Minister of State Richard Needham was, as ever, a beacon of hope, a politician whose glass was perpetually half full. The newly released file reports that he believed “of all the immigrant groups to the United States in recent years the refugees from Vietnam (who were ethnic Chinese) had been by far the most economically successful”.

“He fully agreed with our ideas that if more are to be sent to Northern Ireland they should all be placed in Craigavon … He would like to visit the Vietnamese community to see what they want and perhaps arrange contacts with local businessmen to stimulate the entrepreneurial spirit on both sides.”

Officials warned each other about making assumptions about community relations between ‘ethnic Chinese’ and ‘ethnic Vietnamese’:

“… it should not be assumed that the 2 races will get on together. A not unfamiliar story!”

The file does not indicate whether any new Vietnamese families were settled in Northern Ireland, and I can find no online record suggesting that NI ever welcomed anyone to its shores under this scheme.

Turning over the pages in the file, the story quickly jumps forward two years to November 1992 to a request to resettle Yugoslavian detainees from Bosnian refugee camps and their families in the UK.

Sentiment towards this resettlement is frankly less than enthusiastic with one official pessimistically feeling “that the question was ‘should we take any refugees judging by our experience of the Vietnamese boat people?’”

Another official “felt that our approach should probably be that we would not openly volunteer but stand by if necessary … He felt we should register (internally within Government) our willingness to take our share (and this presented in the positive) but that this should not be made public until it was established whether people were likely to want to come. The meeting concurred with this approach.”

This muted response was further reflected in minutes which record that a “bland” media ‘line to take’ should be drafted in case NIO ministers were door-stepped. The statement should recognise that “there were positive benefits in making an offer to accommodate the refugees but not publicly” and note that “Northern Ireland had a track record of good works in the charity field, in PR terms it was useful to say that NI is a nice place to come to”.

The statement once prepared adopted this aloof attitude, emphasising that the Refugee Council was charge of coordinating any dispersal in order to deflect from government responsibility.

“I am sure that many people would be delighted to see some of the Bosnian refugees coming to Northern Ireland. I should certainly welcome it were that to happen. People will recall, of course, that some of the Vietnamese Boat people settled in Northern Ireland.

“In the present case, however, the dispersal of the refugees is in the hand of the Refugee Council rather than the Government. It is not therefore directly within out gift to say that people should come here.
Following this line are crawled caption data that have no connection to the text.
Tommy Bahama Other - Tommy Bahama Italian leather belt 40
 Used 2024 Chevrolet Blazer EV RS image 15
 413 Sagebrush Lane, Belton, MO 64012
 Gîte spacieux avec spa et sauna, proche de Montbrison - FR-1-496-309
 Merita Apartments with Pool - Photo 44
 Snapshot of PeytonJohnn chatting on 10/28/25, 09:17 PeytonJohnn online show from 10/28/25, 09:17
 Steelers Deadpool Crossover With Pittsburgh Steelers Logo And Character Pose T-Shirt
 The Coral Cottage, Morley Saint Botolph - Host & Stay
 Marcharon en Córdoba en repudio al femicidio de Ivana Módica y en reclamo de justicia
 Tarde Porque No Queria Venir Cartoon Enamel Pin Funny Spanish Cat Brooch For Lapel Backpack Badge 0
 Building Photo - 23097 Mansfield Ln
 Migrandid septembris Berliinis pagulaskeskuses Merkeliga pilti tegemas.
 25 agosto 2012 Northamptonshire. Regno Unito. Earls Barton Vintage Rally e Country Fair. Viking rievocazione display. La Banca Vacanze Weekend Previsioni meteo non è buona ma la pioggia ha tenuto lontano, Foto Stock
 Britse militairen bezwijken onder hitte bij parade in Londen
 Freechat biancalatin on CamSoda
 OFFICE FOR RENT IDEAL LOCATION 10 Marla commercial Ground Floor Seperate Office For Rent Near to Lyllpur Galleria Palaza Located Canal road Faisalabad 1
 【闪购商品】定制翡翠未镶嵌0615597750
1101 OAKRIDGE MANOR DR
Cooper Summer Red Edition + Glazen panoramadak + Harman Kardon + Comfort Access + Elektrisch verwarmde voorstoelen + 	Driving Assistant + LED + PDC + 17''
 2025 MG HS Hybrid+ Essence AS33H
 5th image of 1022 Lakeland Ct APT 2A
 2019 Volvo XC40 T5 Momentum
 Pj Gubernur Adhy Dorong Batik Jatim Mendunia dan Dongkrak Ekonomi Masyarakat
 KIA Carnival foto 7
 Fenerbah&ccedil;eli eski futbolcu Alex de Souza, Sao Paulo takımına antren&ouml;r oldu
What I am confident of, however, is that were any of them to come here they would be sure to be given a warm welcome by the people of Northern Ireland.”

Despite the reluctance to look too enthusiastic, officials did at least recognise that other departments needed to start preparations. Once more, I can find no record of Northern Ireland hosting these detainees and their families.

Twenty years later, the devolved administration was more enthusiastic and not so cautious. The Syrian Vulnerable Persons Resettlement programme has been in operation and by the end of October 2017 Northern Ireland had welcomed more than 630 Syrians.